FIG. 4 is an isometric view of a biosensor of a wrinkle-free three-electrode working system; FIG. 5 is a transverse fold isometric view of a flexible stretchable biosensor of the three-electrode working system of the present invention; FIG. 6 is a transverse fold elevation view of a flexible stretchable biosensor of the three-electrode working system of the present invention; FIG. 7 is a longitudinal fold isometric view of a flexible stretchable biosensor of the three-electrode working system of the present invention; FIG. 8 is a longitudinal fold elevation view of a flexible stretchable biosensor of the three-electrode working system of the present invention; FIG. 9 is an oblique fold isometric view of a flexible stretchable biosensor of the three-electrode working system of the present invention; FIG. 10 is a diagonal fold elevation view of a flexible stretchable biosensor of the three-electrode working system of the present invention.
FIG. 11 is an isometric view of a biosensor of a wrinkle-free two-electrode working system; FIG. 12 is a transverse fold isometric view of a flexible stretchable biosensor of the two-electrode working system of the present invention; FIG. 13 is a transverse fold elevation view of a flexible stretchable biosensor of the two-electrode working system of the present invention; FIG. 14 is a longitudinal fold isometric view of a flexible stretchable biosensor of the two-electrode working system of the present invention; FIG. 15 is a longitudinal fold elevation view of a flexible stretchable biosensor of the two-electrode working system of the present invention; FIG. 16 is an oblique fold isometric view of a flexible stretchable biosensor of the two-electrode working system of the present invention; FIG. 17 is a diagonal fold elevation view of a flexible stretchable biosensor of the two-electrode working system of the present invention.
The present invention utilizes hydrogen peroxide oxidation or reduction at the working electrode to produce a change in the current signal. The magnitude of the current signal change is proportional to the concentration of the analyte, so that the detection of hydrogen peroxide is realized.
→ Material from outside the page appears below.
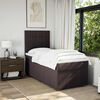 vidaXL Cama box spring con colch&oacute;n tela marr&oacute;n oscuro 90x200 cm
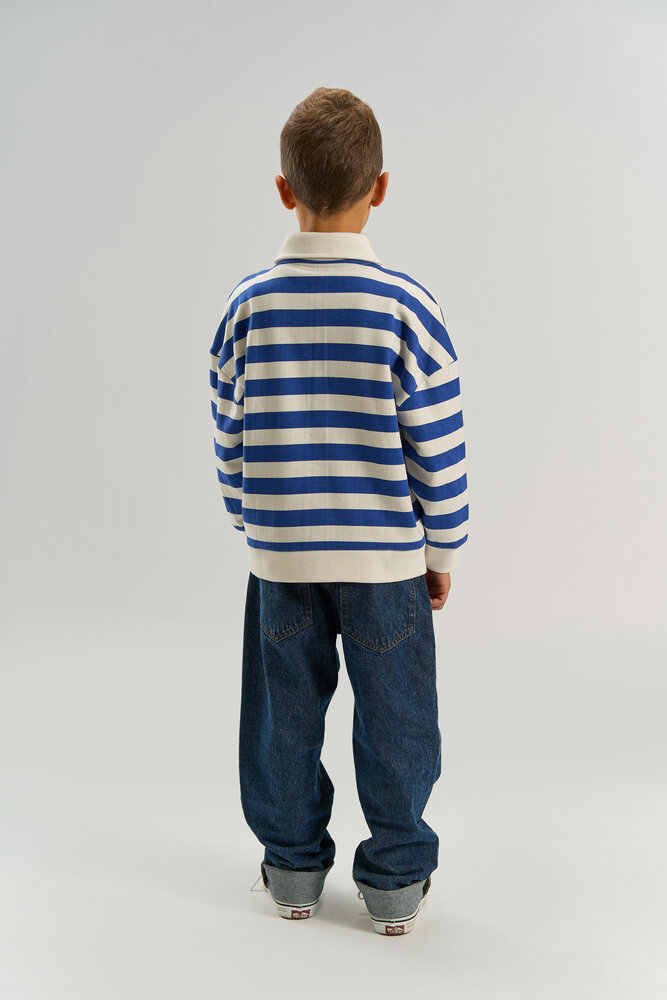 The New Vidar OS Polo Sweatshirt Mazarine Blue Striped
The flexible stretchable substrate has the characteristics of good elasticity, flexibility, biological contact, good stability and the like, and can completely recover the original shape after being bent.
The working electrode of the biosensor contains gold or platinum and has higher hydrogen peroxide detection sensitivity.
The invention provides application of the flexible stretchable biosensor in detecting hydrogen peroxide, glucose, lactic acid, uric acid, creatinine, cholesterol or triglyceride for non-disease diagnosis and treatment.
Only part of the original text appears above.